Aflac tarafından yayımlanan son rapora göre, 1981-1996 yılları arasında doğmuş olan milenyum kuşağı bu stresi en yoğun yaşayan kesimdir.
Rapora göre, milenyum kuşağının %66’sı orta veya yüksek düzeyde tükenmişlik yaşadıklarını ifade etmektedir. X kuşağında bu oran %60, Z kuşağında %56 olurken, en düşük oran %39 ile baby boomer kuşağında gözlemlenmektedir.
Ekonomik Belirsizlik ve Aşırı Bağlantı Baskı Yaratarak Etkiliyor
Her yaştan çalışanın karşılaştığı ekonomik belirsizlik ve jeopolitik gerilim gibi dışsal stres faktörlerinin yanı sıra, milenyum kuşağının karşılaştığı özgün zorluklar da dikkat çekmektedir.
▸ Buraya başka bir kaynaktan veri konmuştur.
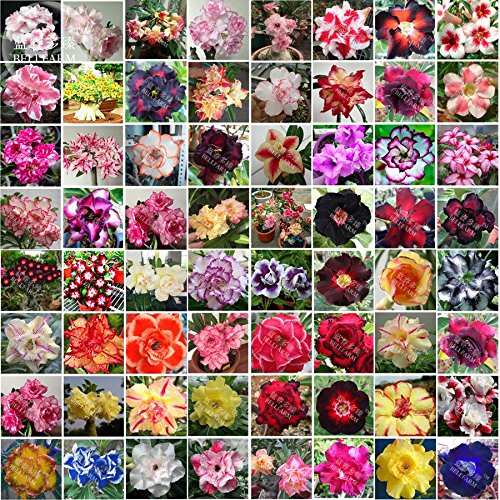 New Bonsai Mixed 64 Types of Adenium Desert Rose Seeds, 100pcs/pack, Black Yellow red Blue White Pink etc Nice Combos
Bu kuşak, iş ve aile hayatı arasında denge kurmada zorluk çekerken, destek yapılarının yetersizliği tükenmişliği daha da artırmaktadır.
Rapordaki verilere göre, milenyum kuşağının önceki nesillere göre çok daha talepkar iş ortamlarında çalışması, sürekli çevrimiçi olma baskıları, yüksek performans beklentileri ve rekabetçi iş piyasası gibi faktörler tükenmişliğe zemin hazırlamaktadır.
Sandviç Kuşağı
Milenyum kuşağı, giderek daha fazla “sandviç kuşağı” olarak tanımlanmaktadır. Yani, hem çocuklarına hem de yaşlanan ebeveynlerine aynı anda bakmak zorunda kalıyorlar. Principal Financial tarafından yapılan bir araştırma, bu yükü taşıyan çalışanların %60’ından fazlasının tükenmişlikten endişe duyduğunu göstermektedir.
Care.com İK Direktörü Wes Burke, bakım yükünün zihinsel etkisinin sadece evle sınırlı kalmadığını; iş yerinde devamsızlığa, verimlilik kaybına ve genel yaşam kalitesinde düşüşe neden olduğunu belirtmektedir. Bu durum, çalışanları olduğu kadar işverenleri de doğrudan etkilemektedir.
İşverenlere Düşen Sorumluluk: Esneklik ve Destek
Araştırmalar, işverenlerin bu kuşağın ihtiyaçlarına yanıt vermelerinin hem çalışan sağlığı hem de kurumsal verimlilik açısından kritik bir öneme sahip olduğunu göstermektedir. Aflac’ın raporu, tükenmişlik ile mücadelede hibrit çalışma modelleri ve daha fazla ücretli izin (PTO) sunulmasını önermektedir.
Aynı zamanda, çalışanların kendilerine zaman ayırmalarını kolaylaştıracak, şirket destekli öz bakım programları gibi sağlık ve iyilik haline yönelik kapsamlı yan hakların da faydalı olabileceği vurgulanmaktadır.
Zihinsel Sağlık İçin Mücadele Şart
Raporda şu ifadelere yer verilmektedir: “Tükenmişlik ile mücadele, yalnızca milenyum kuşağını değil, tüm yaş gruplarını güçlendirmek için hayati öneme sahiptir. Yüksek düzeyde tükenmişlik yaşayan bireylerin kaygı, depresyon ve travma sonrası stres bozukluğu gibi ciddi ruhsal sorunlarla karşılaşma olasılığı çok daha yüksektir. Bu nedenle, konu sadece bir işyeri meselesi değil; toplumsal bir öncelik haline gelmiştir.”